**Problem requirements:** Reproduce the complete set of records exactly. No picture is to appear in the copy.

***** Source material

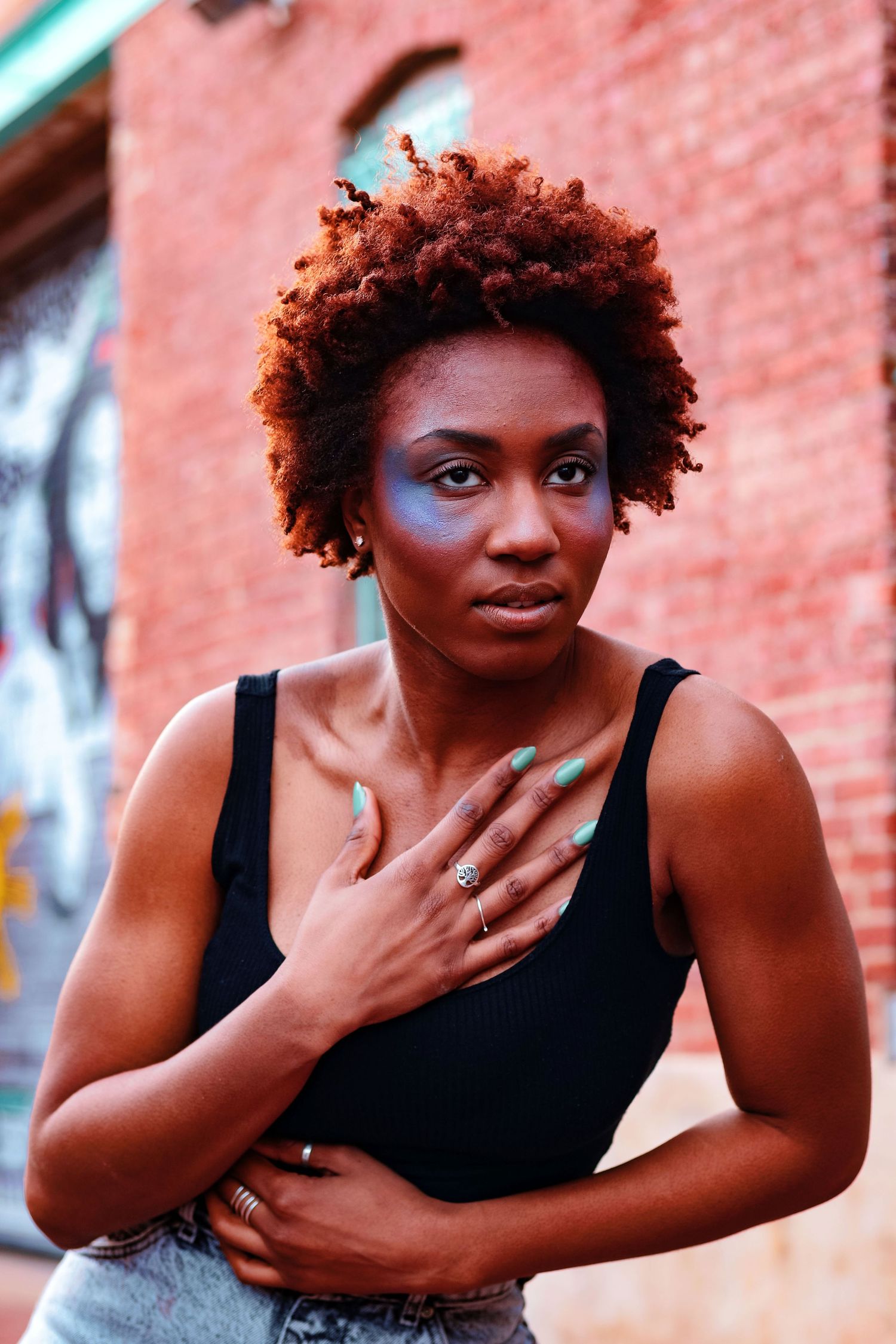 A Black woman with auburn natural hair and blue eye makeup places her hand on her chest near a brick wall.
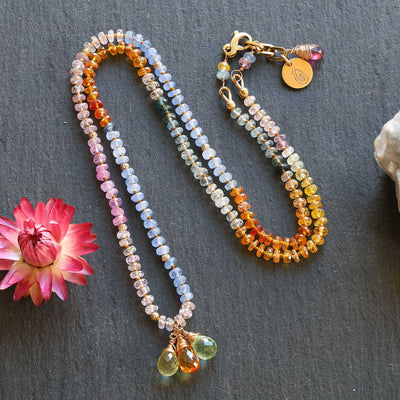 sapphire beads and gold accents on 14k gold necklace, styled with natural textures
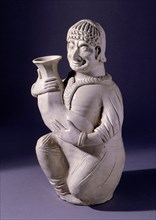 Figure of a Western Asian man holding a wine flask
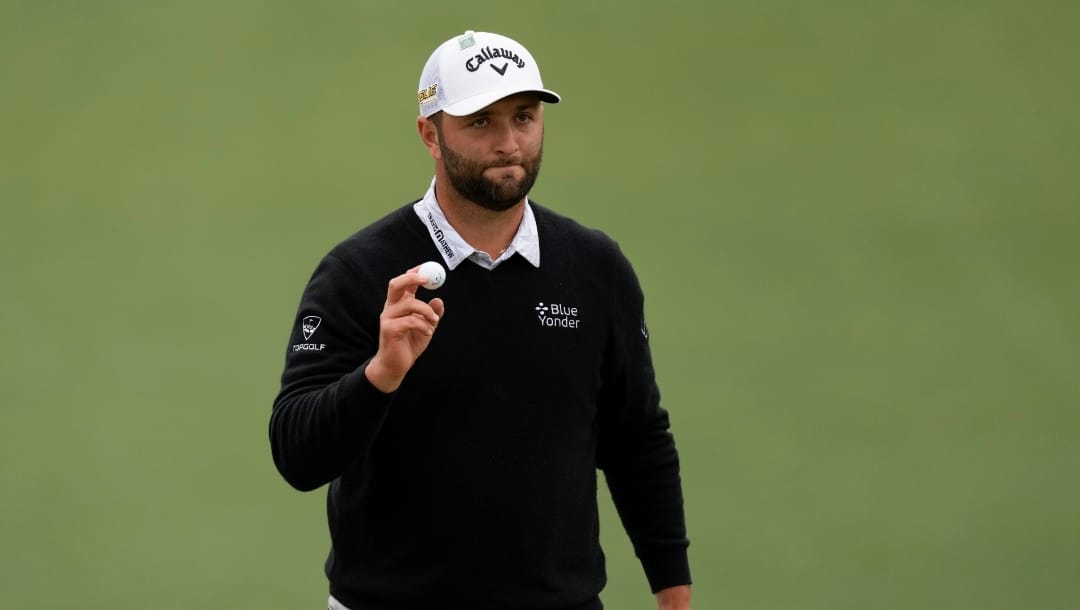 Jon Rahm, of Spain, holds up his ball after a birdie on the second hole during the third round at the Masters golf tournament on Saturday, April 9, 2022, in Augusta, Ga. (AP Photo/Matt Slocum)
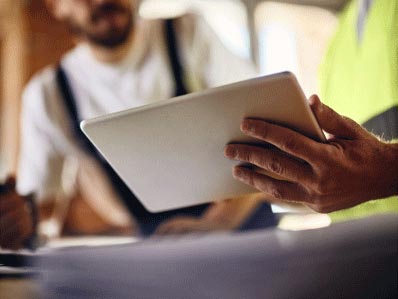 person showing another person something on tablet device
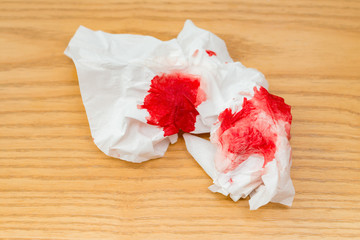 bloody tissue on a wood table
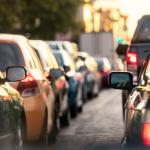 A lane of cars on the road during rush hour.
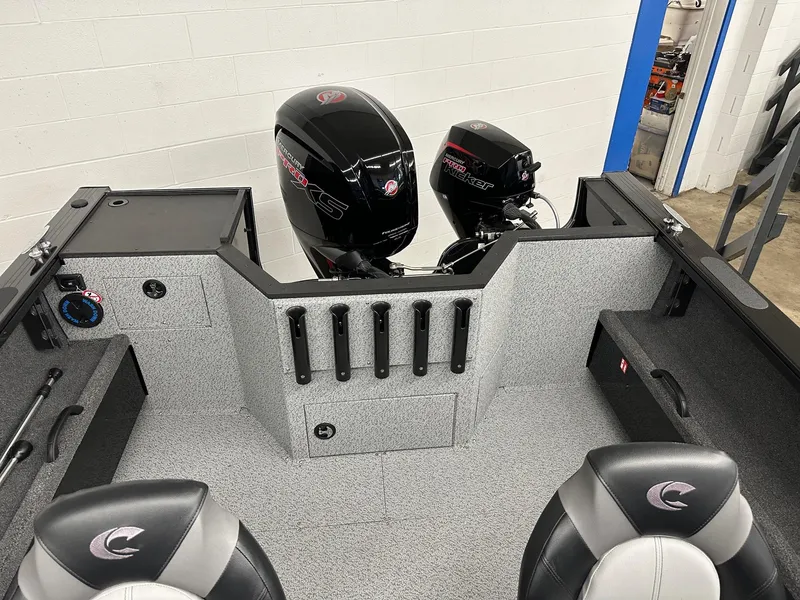 Slide: The Image of 2025 Crestliner 1850 Commander boat interior with dual outboard motors. - 5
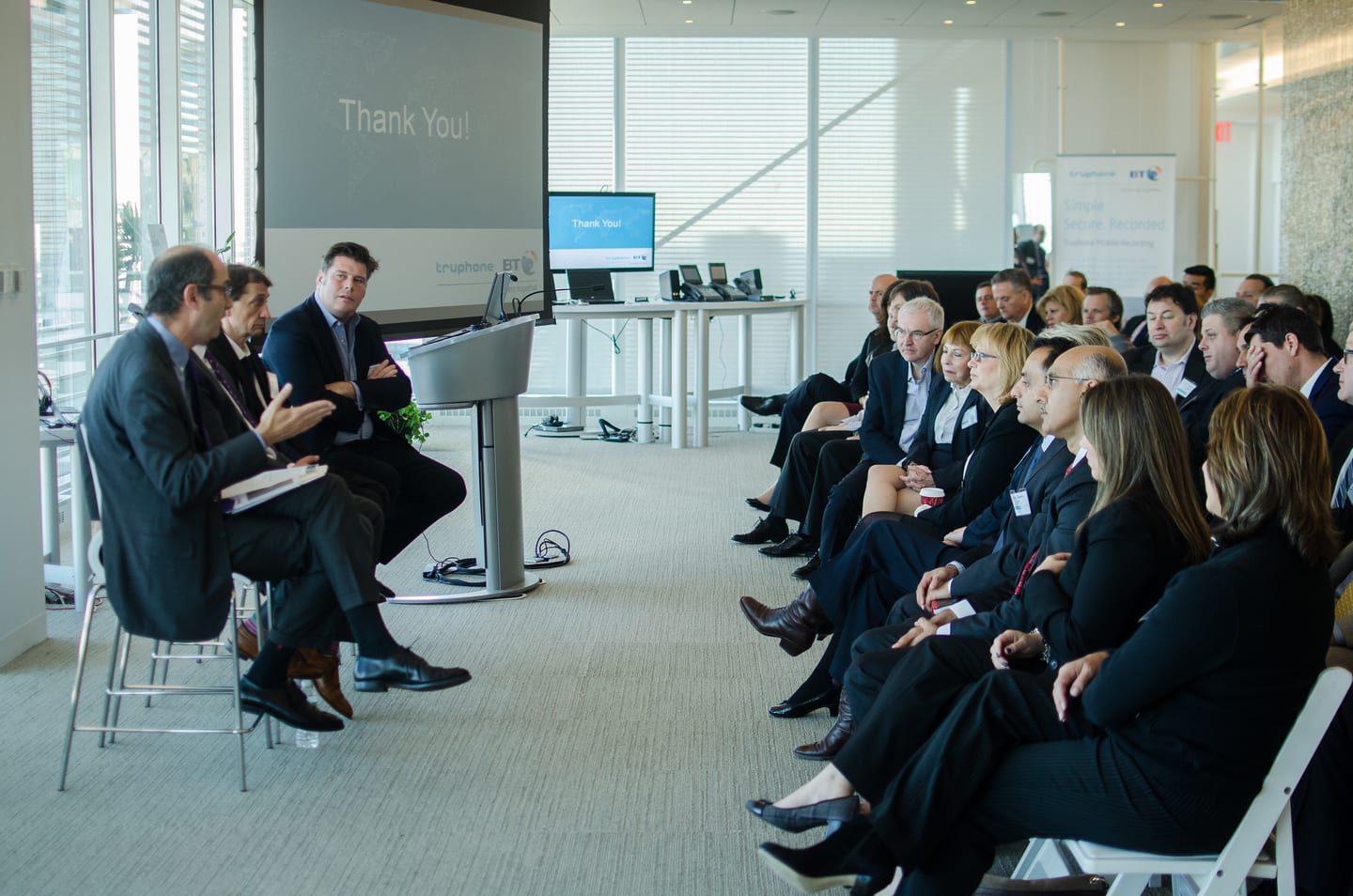 Four panelists seated beside a window with a “Thank you” slide on screen and an audience in the foreground, New York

**********

**Answer to the exercise:**
 A Black woman with auburn natural hair and blue eye makeup places her hand on her chest near a brick wall.
 sapphire beads and gold accents on 14k gold necklace, styled with natural textures
 Figure of a Western Asian man holding a wine flask
 Jon Rahm, of Spain, holds up his ball after a birdie on the second hole during the third round at the Masters golf tournament on Saturday, April 9, 2022, in Augusta, Ga. (AP Photo/Matt Slocum)
 person showing another person something on tablet device
 bloody tissue on a wood table
 A lane of cars on the road during rush hour.
 Slide: The Image of 2025 Crestliner 1850 Commander boat interior with dual outboard motors. - 5
 Four panelists seated beside a window with a “Thank you” slide on screen and an audience in the foreground, New York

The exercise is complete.